■ Task statement
When you reach the line that contains "KIA Optima IV, 2018" in the data below, start reproducing lines exactly, and stop after the line that contains "山田稔 / 大鉄人17 VOL.1".

[Crawled caption data]
━━━━
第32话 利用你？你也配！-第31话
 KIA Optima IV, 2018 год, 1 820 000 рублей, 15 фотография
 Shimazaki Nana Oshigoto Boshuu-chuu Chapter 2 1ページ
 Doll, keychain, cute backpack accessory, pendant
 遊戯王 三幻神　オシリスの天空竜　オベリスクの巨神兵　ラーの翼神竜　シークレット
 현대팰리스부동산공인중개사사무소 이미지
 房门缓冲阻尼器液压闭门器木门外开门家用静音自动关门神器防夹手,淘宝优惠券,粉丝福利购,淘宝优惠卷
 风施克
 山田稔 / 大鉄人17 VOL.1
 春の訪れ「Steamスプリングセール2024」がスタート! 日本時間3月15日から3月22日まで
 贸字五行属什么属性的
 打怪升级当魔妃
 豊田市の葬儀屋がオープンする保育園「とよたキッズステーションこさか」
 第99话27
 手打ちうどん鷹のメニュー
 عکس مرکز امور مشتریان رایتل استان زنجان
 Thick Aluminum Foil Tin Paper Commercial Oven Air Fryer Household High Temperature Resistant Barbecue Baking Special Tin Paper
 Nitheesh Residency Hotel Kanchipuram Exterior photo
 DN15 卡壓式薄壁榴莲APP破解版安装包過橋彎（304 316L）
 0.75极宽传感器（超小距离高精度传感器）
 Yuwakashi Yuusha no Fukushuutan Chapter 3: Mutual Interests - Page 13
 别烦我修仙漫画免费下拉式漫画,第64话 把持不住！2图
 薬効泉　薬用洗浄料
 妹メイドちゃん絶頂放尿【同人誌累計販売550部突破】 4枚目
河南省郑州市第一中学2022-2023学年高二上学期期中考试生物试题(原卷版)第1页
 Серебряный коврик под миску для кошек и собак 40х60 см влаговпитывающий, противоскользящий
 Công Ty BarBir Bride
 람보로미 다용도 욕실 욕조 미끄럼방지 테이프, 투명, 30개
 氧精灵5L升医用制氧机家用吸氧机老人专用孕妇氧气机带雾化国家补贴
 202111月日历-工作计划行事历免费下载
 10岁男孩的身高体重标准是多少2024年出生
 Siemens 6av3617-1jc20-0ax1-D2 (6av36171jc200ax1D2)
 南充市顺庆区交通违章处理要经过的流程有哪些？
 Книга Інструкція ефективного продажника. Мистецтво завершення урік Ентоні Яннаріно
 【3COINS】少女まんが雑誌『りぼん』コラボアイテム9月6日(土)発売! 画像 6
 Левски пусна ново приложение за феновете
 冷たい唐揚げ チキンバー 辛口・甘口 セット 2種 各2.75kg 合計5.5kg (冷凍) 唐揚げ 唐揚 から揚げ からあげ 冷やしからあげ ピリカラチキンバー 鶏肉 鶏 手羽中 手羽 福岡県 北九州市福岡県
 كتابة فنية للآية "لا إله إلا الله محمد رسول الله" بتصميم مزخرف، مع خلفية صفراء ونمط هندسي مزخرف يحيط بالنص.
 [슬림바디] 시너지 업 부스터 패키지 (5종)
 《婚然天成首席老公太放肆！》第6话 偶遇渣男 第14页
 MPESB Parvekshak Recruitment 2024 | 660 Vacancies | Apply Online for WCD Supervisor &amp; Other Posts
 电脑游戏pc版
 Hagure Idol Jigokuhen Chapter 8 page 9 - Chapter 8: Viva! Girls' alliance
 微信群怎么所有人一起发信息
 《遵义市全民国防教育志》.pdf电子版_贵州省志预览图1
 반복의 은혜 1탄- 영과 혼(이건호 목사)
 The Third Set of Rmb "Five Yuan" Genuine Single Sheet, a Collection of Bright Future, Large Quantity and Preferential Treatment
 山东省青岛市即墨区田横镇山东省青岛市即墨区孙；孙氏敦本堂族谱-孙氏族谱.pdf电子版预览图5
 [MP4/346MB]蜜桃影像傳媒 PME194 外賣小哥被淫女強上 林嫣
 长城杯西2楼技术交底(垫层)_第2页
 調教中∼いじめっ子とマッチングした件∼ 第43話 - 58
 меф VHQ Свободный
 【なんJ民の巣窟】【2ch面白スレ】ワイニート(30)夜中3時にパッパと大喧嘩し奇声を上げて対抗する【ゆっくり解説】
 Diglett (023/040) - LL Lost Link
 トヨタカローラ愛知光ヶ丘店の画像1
━━━━
■ Response to this exercise
 KIA Optima IV, 2018 год, 1 820 000 рублей, 15 фотография
 Shimazaki Nana Oshigoto Boshuu-chuu Chapter 2 1ページ
 Doll, keychain, cute backpack accessory, pendant
 遊戯王 三幻神　オシリスの天空竜　オベリスクの巨神兵　ラーの翼神竜　シークレット
 현대팰리스부동산공인중개사사무소 이미지
 房门缓冲阻尼器液压闭门器木门外开门家用静音自动关门神器防夹手,淘宝优惠券,粉丝福利购,淘宝优惠卷
 风施克
 山田稔 / 大鉄人17 VOL.1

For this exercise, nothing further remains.